Posted Feb 6, 2018 by Martin Armstrong
The Nikkei closes 4.75% lower, the Hang Seng is down 5.1%, ASX and Shanghai both around 3.3% and the VIX trading with a 50 handle! Anyone short vol. (and the rumour is there are a few) will be panic buying and chasing the market. Gold at best only added $10 from yesterdays close but we are starting to see a move into the USD. Government bonds did see better demand than we saw in yesterdays trading, but that said, US 10’s still only rallied (price – yield down) having seen the panic selling in equities. Difficult to single out a specific sector as all were under pressure but healthcare, financials and technology appeared to see most interest. When we see the DXY rally start to build momentum, beware heavy USD indebted sovereign’s and key exporters. Lets see what happens in US trading for an Asian opening call and direction.

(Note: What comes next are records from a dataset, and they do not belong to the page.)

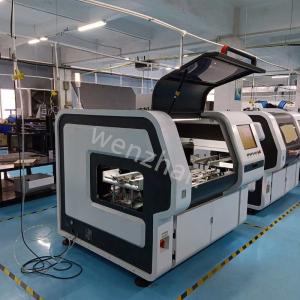 Quality Electronic Auto Axial Insertion Machine Smt Terminal Components Insertion Machine for sale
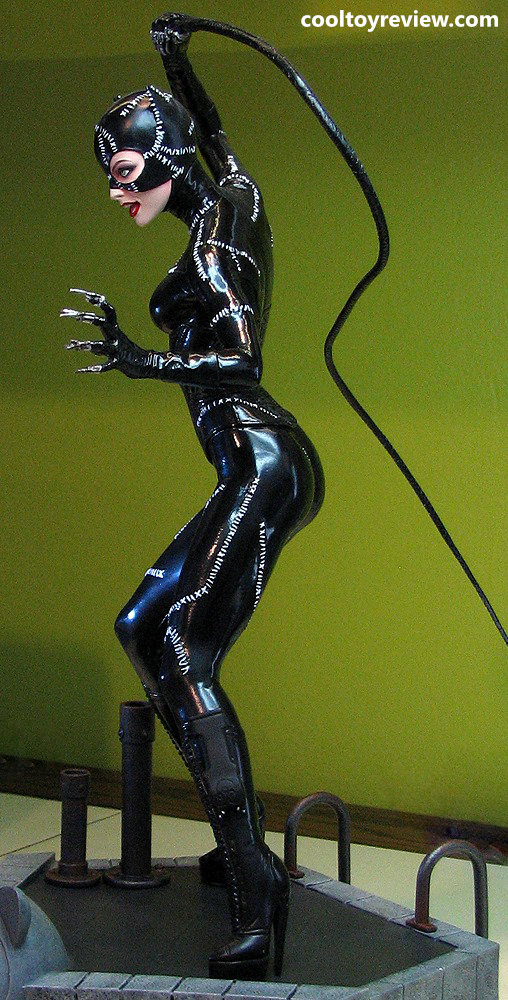Batman Returns: Catwoman - Maquette, Statue von Tweeterhead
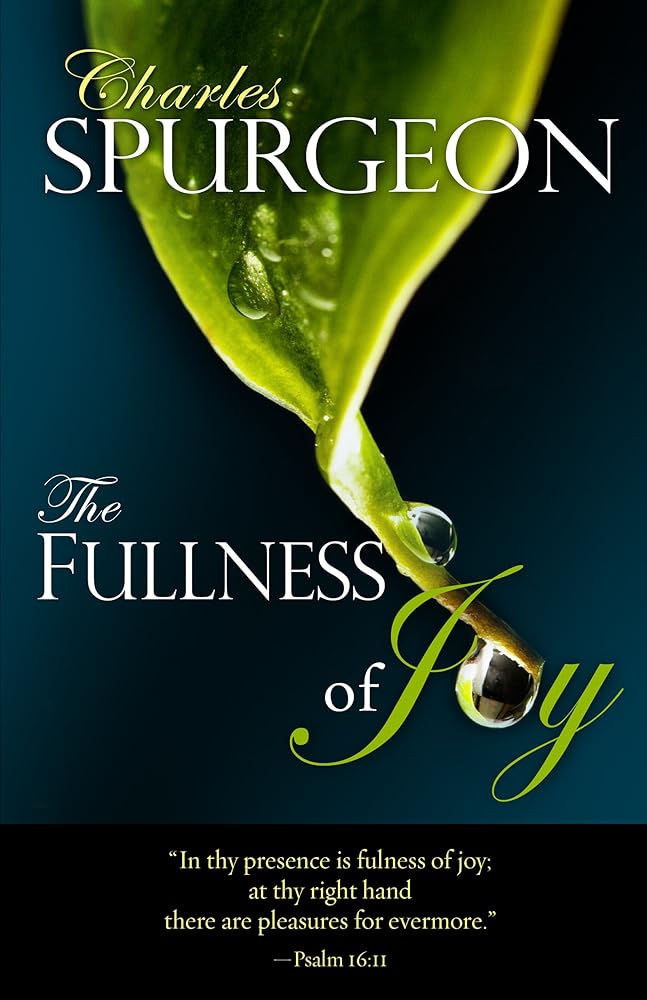 The Fullness of Joy cover image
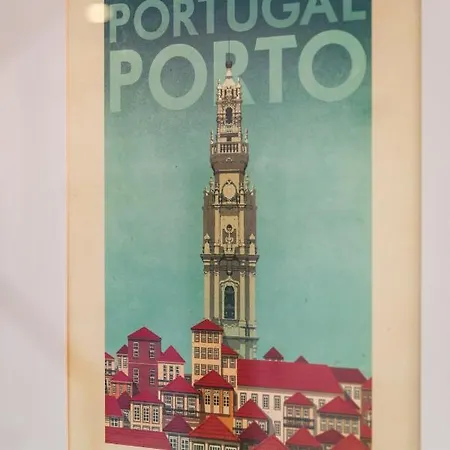 Rua de Trás Apartments * Oporto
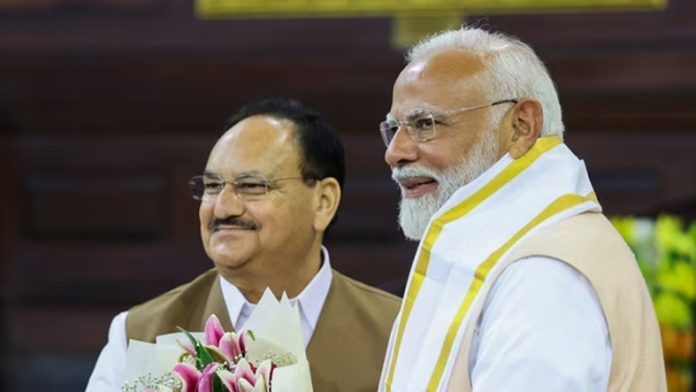 nADDA AND MODI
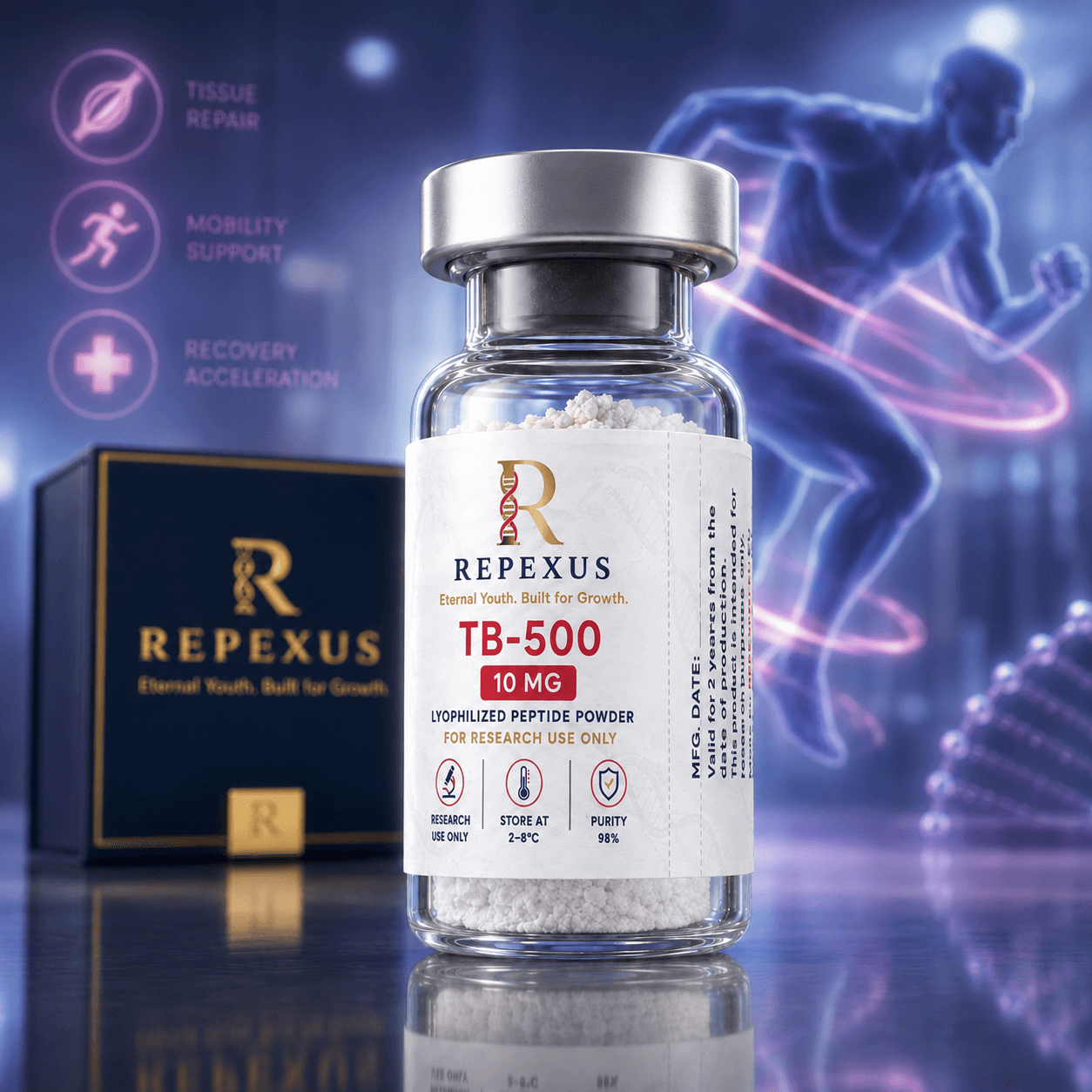 TB-500 10mg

European core followed Asia with key indices (DAX, CAC, FTSE etc.) all down around 2.5% on the day. The dramatic move late in US trading really has shaken a lot of people especially when they can’t relate the move to one key reason! The market does not like volatility, even though brokers love it, but especially after seeing a run of record high after record high! The capital flow is becoming more obvious that the USD is the place to be. In late European trading/early US – We are seeing a healthy bounce but is coming too late for Europe. Most European closed around 2.25% lower on the day but we have to wait until Wednesday to see the next instalment. Not a great day to release lower than expected earnings but that is what we had today for BNP Paribas. The stock fell 3.5%; but look on the bright side – at least they were not wound-up in the VIX derivative (XIV)!
An 800 point range in cash and another 1k+ in DOW futures but because the market closes higher people feel relaxed! The VIX was hot gossip across all regions given it traded from single digits to 50+ over the past few trading days. Volume are thin so we are seeing values sketchy, but looks people are frozen like rabbits in headlights. We are still in for a volatile week with plenty yet to play for. The BOE, additional treasury supply, gold and oil selling-off and still with many companies yet to release results there is no time to relax anytime soon. The shape of the treasury curve, their spread to European government paper and currency markets have been relatively mute whilst equity markets commanded centre stage, but these will soon make their way to the front. Maybe these could be about to take headlines now that we see a 2.5% bounce for core US indices.
Japan 0.075%, US 2’s closed 2.10% (+5bp), 10’s 2.79% (+5bp), 30’s 3.06% (+4bp), Bunds 0.70% (-3bp), France 0.95% (-4bp), Italy 1.98% (-3bp), Greece 3.69% (u/c), Turkey 11.57% (+14bp), Portugal 2.03% (+1bp), Spain 1.41% (-4bp) and Gilts 1.52% (-4bp). Note again the mismatch in closing hours for a true reflection on the spreads.